## Sunday, 8 September 2013

Consider the action of the Hadamard gate $H$ when acting on the basis states $\left|0\right>$ and $\left|1\right>$, and observe that this can be expressed as
$\begin{array}{r l} H\left|x\right> &= \frac{1}{\sqrt{2}}\big(\left|0\right>+(-1)^{x}\left|1\right>\big) \\ & =\frac{1}{\sqrt{2}}\displaystyle\sum\limits_{y\in\{0,1\}}(-1)^{x\cdot y}\left|y\right>. \end{array}$
Denote some bitstring $\mathbf{x}\in\{0,1\}^n$ as $\mathbf{x}=x_1x_2\dots x_n$, where each $x_i\in\{0,1\}$, and define the  following operation on bitsrings
$\mathbf{x}\cdot \mathbf{y}=(x_1y_1+x_2y_2+\dots +x_ny_n)mod2.$
The tensor product of Hadamard gate $H$ with itself $n$ times creates a gate similar to $H$, denoted by $H^{\otimes n}$, which operates on $n$ qubits. Its action is the same as applying the single qubit Hadamard transform $H$ to each of the $n$ qubits of the register.

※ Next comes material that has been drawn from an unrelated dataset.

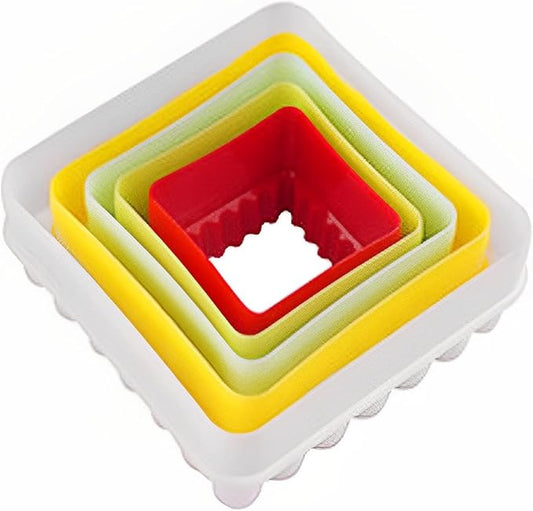 Mydio Set of 5 Multi-size Cookie Cutter, Two-sided Biscuit Fruit Cutter (Biscuit Cutters and Cake Cutters), Random Color (square)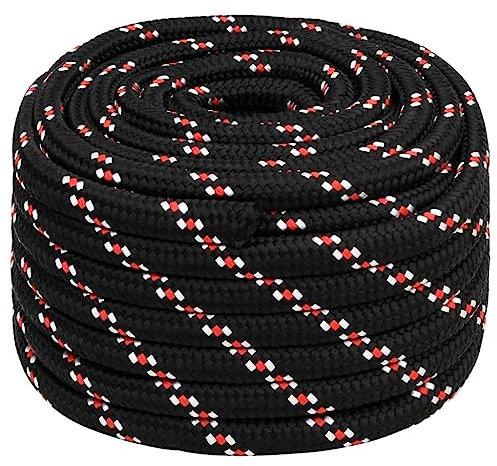 vidaXL Cuerda de Barco Polipropileno Negra 20 mm 25 m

This gate sends the $n$ qubit register $\left|\mathbf{x}\right>=\left|x_1x_2\dots x_3\right>=\left|x_1\right>\left|x_2\right>\dots\left|x_n\right>$ to the state
$\begin{array}{r l} H^{\otimes n}\left|\mathbf{x}\right>&=H^{\otimes n}\left|x_1x_2\dots x_3\right> \\ & =H\left|x_1\right>H\left|x_2\right>\dots H\left|x_n\right>\\ & = \big(\frac{\left|0\right>+(-1)^{x_1}\left|1\right>}{\sqrt{2}}\big)\big(\frac{\left|0\right>+(-1)^{x_2}\left|1\right>}{\sqrt{2}} \big)\dots \big(\frac{\left|0\right>+(-1)^{x_n}\left|1\right>}{\sqrt{2}}\big) \\ & = \frac{1}{\sqrt{2^n}}\displaystyle\sum\limits_{y_1y_2\dots y_n\in\{0,1\}^n}(-1)^{x_1y_1+x_2y_2+\dots +x_ny_n}\left|y_1\right>\left|y_2\right>\dots\left|y_n\right> \\ & = \frac{1}{\sqrt{2^n}}\displaystyle\sum\limits_{\mathbf{y}\in\{0,1\}^n}(-1)^{\mathbf{x}\cdot \mathbf{y}}\left|\mathbf{y}\right>. \end{array}$
In the case where $\left|\mathbf{0}\right>=\left|00\dots 0\right>=\left|0\right>\left|0\right>\dots\left|0\right>,$
$H^{\otimes n}\left|\mathbf{0}\right>= \frac{1}{\sqrt{2^n}}\displaystyle\sum\limits_{\mathbf{y}\in\{0,1\}^n}\left|\mathbf{y}\right>,$
since $(-1)^{\mathbf{x}\cdot \mathbf{0}}=1$, which is an equally weighted superposition of all bases states in the Hilbert space of dimension $2^n$.